Of course, I'm sure some execs in some gaming companies are bound to be surprised. They shouldn't be. If they are, they should be truly stunned that they've been getting paid for obviously not doing their job. This would be such a pity given the high calibre and wealth of strategic talent that gaming companies have had access to. However, that said lets go through the basics.

I've previously talked about the use of mapping, how everything evolves and common economic cycles such as peace, war and wonder. The basic structure of peace, war and wonder is as follows (taken from Jan 2013 Revolution post).

The Basics

Peace - the time of products
Competition is between suppliers of products with constant feature improvement. Whilst disruptive change and new entrants do occur (e.g. a new component of the value chain appears and former products are substituted), the majority of change is gradual and sustaining of those competing companies. It is a time of high margin, increasing understanding of customer needs, the introduction of rental services and relative competition i.e. a jostle for position between giant competitors. 

Because of success, inertia to change builds up within those giants whilst the activity itself continues to evolve becoming more widespread, better understood and declining in differential value. In the latter stages customers can even start to question whether they are getting a fair benefit for what they are paying but overall, this is a time of peace in that industrial ecosystem.

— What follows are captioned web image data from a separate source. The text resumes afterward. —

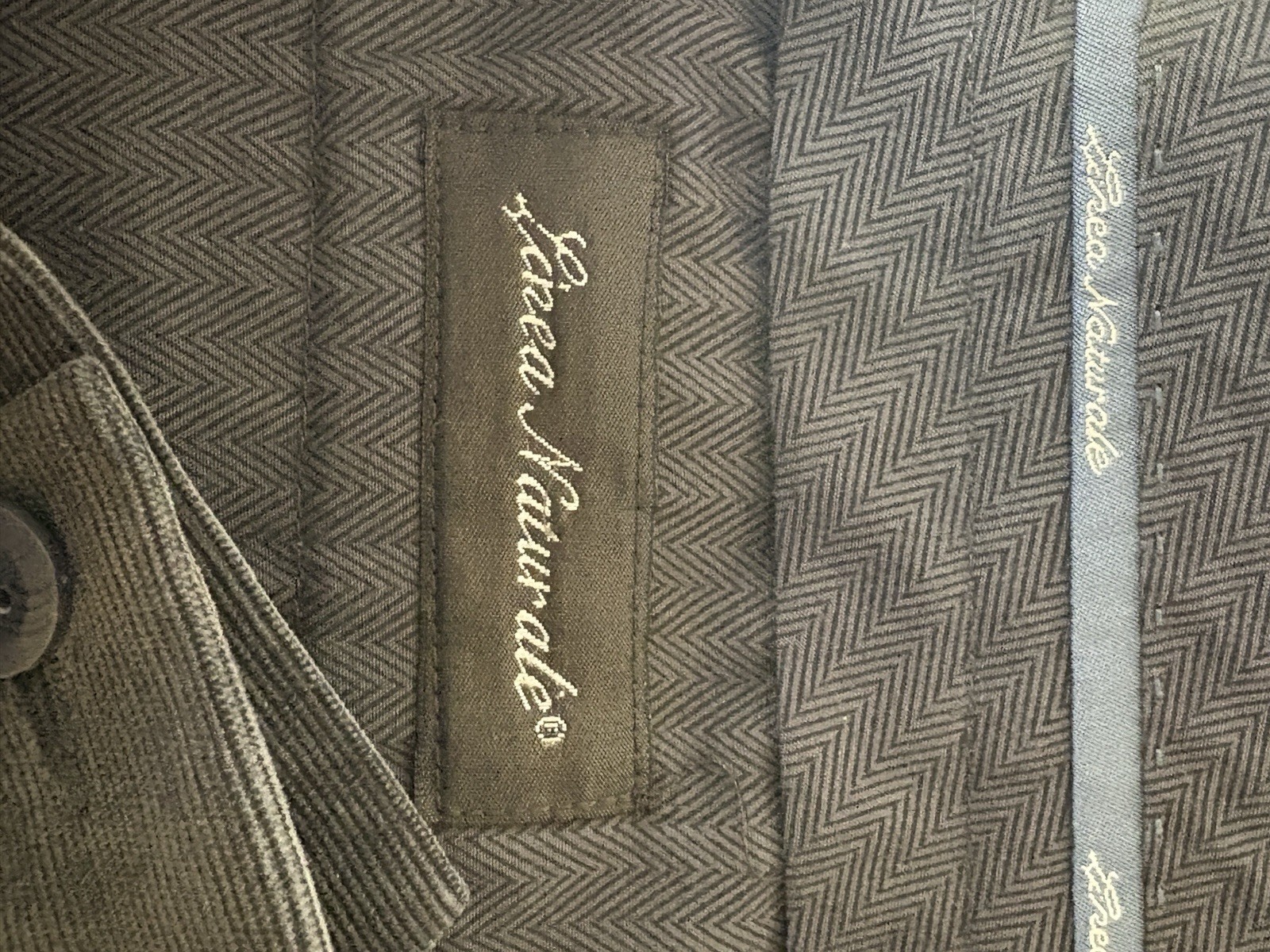 Linea Naturale Men’s Grey Corduory Pants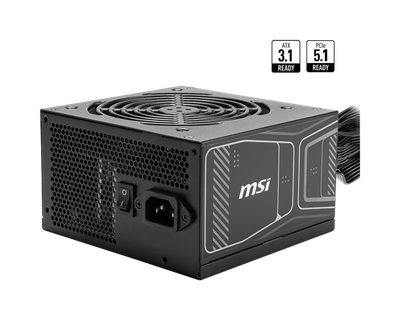 Блок живлення 850Вт MSI MAG A850GN PCIE5 (ATX 3.1, 80 Plus Gold, 120мм)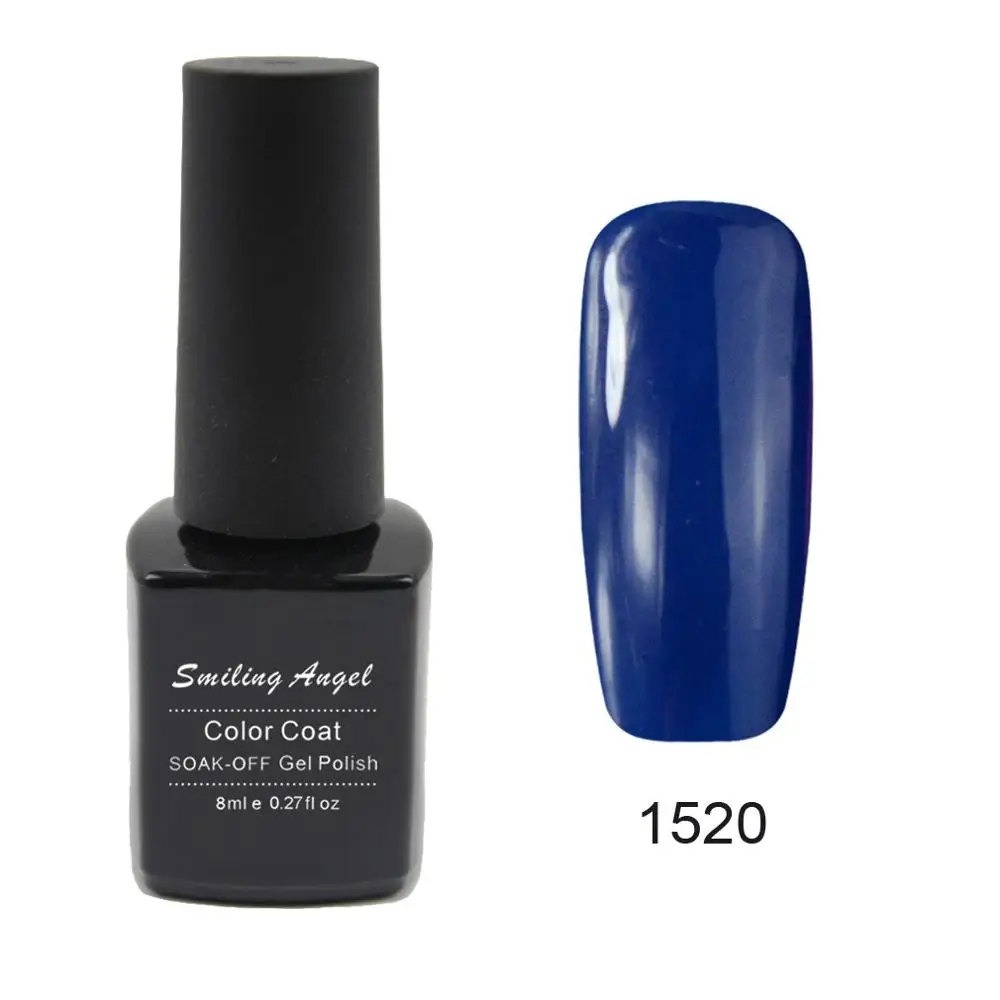 1520 Улыбчивый ангелочек Новые 8 мл GelPolish Гели для ногтей uv/LED Soak Off UV Гель для ногтей Лаки с высокое качество Vernis полу постоянный 05 - Цвет: 1520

War - the shift from products to commodity (+utility)
In war, the successful activity has now become commonplace and "well understood". It is now suitable for more commodity or utility provision. It is suitable for industrialisation and the appearance of these more "linear" solutions i.e. the volume operations of good enough through standard interfaces. However, the existing giants have inertia to this change and so it is new entrants that are not encumbered by pre-existing business models that introduce the more commodity form. These new entrants may include former consumers who have gained enough experience to know that this activity should be provided in a different way along with the skills to do it.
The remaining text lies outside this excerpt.